No livro Globalização e Sistema Mundial, Ensaios em Comemoração dos 60 Anos de Theotônio dos Santos, foi acrescentadado um apêndice, no qual foram publicadas versões chinesas das duas obras mais recentes de Theotônio, uma é A Teoria da Dependência: Balanço e Perspectivas,5 e a outra, Economia Mundial: Integração Regional & Desenvolvimento Sustentável.6 A publicação dessas duas obras de Theotônio é uma continuação da publicação da sua obra-prima Imperialismo y Dependência em 1992 (primeira edição) e 1999 (segunda edição), pela mesma editora— Social Sciences Documentation Publishing House.7

Na introdução da edição chinesa de Imperialismo y Dependência, Yuan Ying-cang, pesquisador do Instituto de Estudos Latino-americanos da Academia Chinesa das Ciências Sociais afirmou:

Imperialismo y Dependência de Theotônio dos Santos é uma das obras principais da Teoria da Dependência. Formulou, de maneira sistemática e convincente, o conceito, as formas e as estruturas da Dependência... A Teoria da Dependência surgiu na América Latina no início dos anos 60 até o meado dos anos 70, como um instrumento para estudar a expansão do imperialismo nos países subdesenvolvidos. A característica principal desse pensamento social é abordar a questão do imperialismo através das perspectivas dos países periféricos do sistema capitalista contemporâneo.

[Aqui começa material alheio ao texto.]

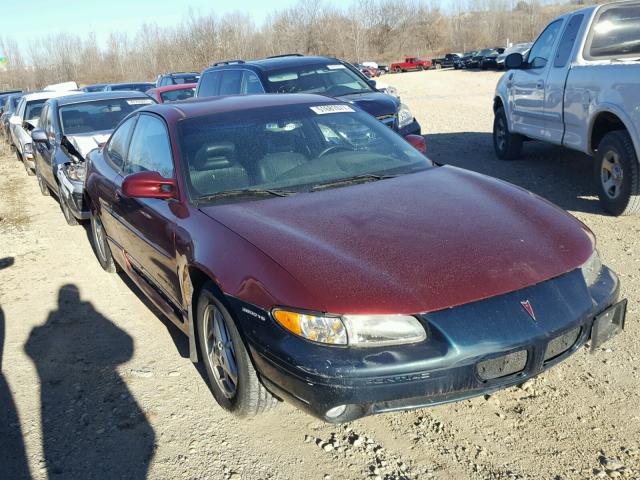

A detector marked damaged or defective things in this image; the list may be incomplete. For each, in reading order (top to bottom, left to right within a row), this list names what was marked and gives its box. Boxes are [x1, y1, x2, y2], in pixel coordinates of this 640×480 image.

damaged black sedan [32, 92, 156, 225]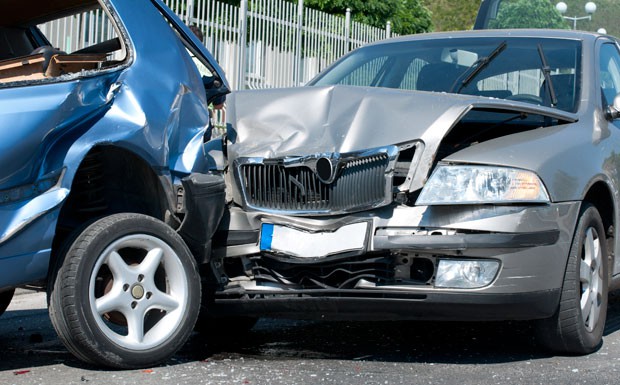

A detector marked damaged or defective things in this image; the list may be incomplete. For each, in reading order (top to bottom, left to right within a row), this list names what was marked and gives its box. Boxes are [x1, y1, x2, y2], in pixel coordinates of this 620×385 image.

Theotônio abordou a problemática do ponto de vista marxista-leninista. A sua motivação é aprofundar e enriquecer a Teoria do Imperialismo concebida por Lenin. A partir das suas analises sobre a expansão das corporações transnacionais e das novas formas da Dependência, Theotônio fortaleceu a metodologia do marxismo e a capacidade deste de explicar as novas realidades históricas...”8

Theotônio dos Santos é reconhecido na China como um dos principais fundadores da Teoria da Dependência. Nasceu em Carangola, Minas Gerais, em 11 de novembro de 1936. Entre 1958 e 1961 se formou em sociologia na Faculdade de Economia da Universidade Federal de Minas Gerais. Entre 1960 e 1964, estudou sistematicamente o marxismo. Uma parte importante de sua atividade intelectual nesse período foi sua participação nos movimentos sociais que se estendeu à clandestinidade depois do golpe de 1964 até 1966 quando se exilou no Chile. O eixo da sua militancia política era a POLOP, de que foi fundador em 1961 e cuja direção nacional assumiu em 1964. Depois do golpe militar, foi expulso da Universidade de Brasília e condenado à prisão pelo tribunal Militar de Belo Horizonte, como “autor intelectual da penetração subversiva no campo”. Theotônio exilou-se no Chile em 1966, momento em que se vinculou à Universidade do Chile como investigador e posteriormente diretor do Centro de Estudos Sócio-Econômicos (CESO).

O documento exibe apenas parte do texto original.